The disc starts off with what may have been the worst song of 2011, Country Girl (Shake It for Me). Bryan doesn't have the presence of established artists like Toby Keith or Trace Adkins who can successfully pull off shallow songs like Red Solo Cup and Honky Tonk Badonkadonk respectively. However, those who helped to send the song to the top of the charts may be disappointed with the rest. The combination of mid tempo songs (Kiss Tomorrow Goodbye, second single I Don't Want This Night to End) and slow ballads (Drunk on You, I Know You're Gonna Be There) make up the bulk of a decent mainstream country album.

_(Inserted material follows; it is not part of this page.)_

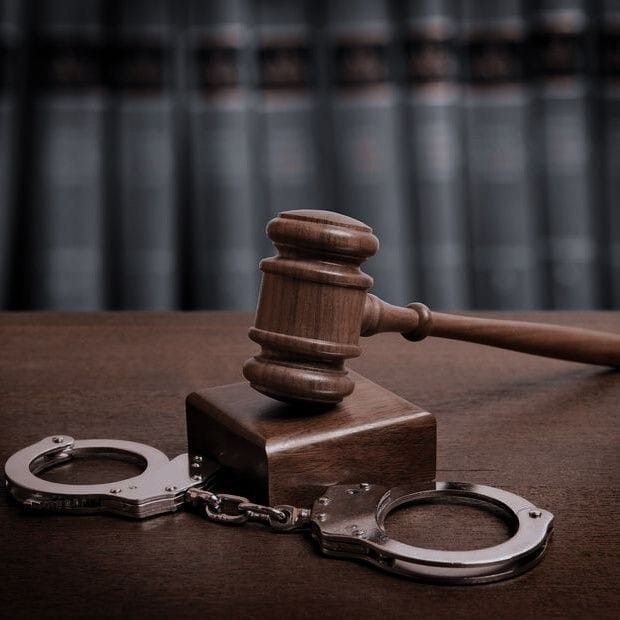 a wooden judge's gaven sitting on top of a table next to handcuffs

Bryan doesn't pushing country music boundaries. He seems comfortable with his sound and created an inoffensive album. Despite the huge misstep of the lead single, the album is a pleasant listen. He comes across like a stereotypical farm boy, comfortable in his role as an artist. He doesn't fit in with the cowboys like George Strait or the rockers like Eric Church, and Bryan doesn't seem to mind.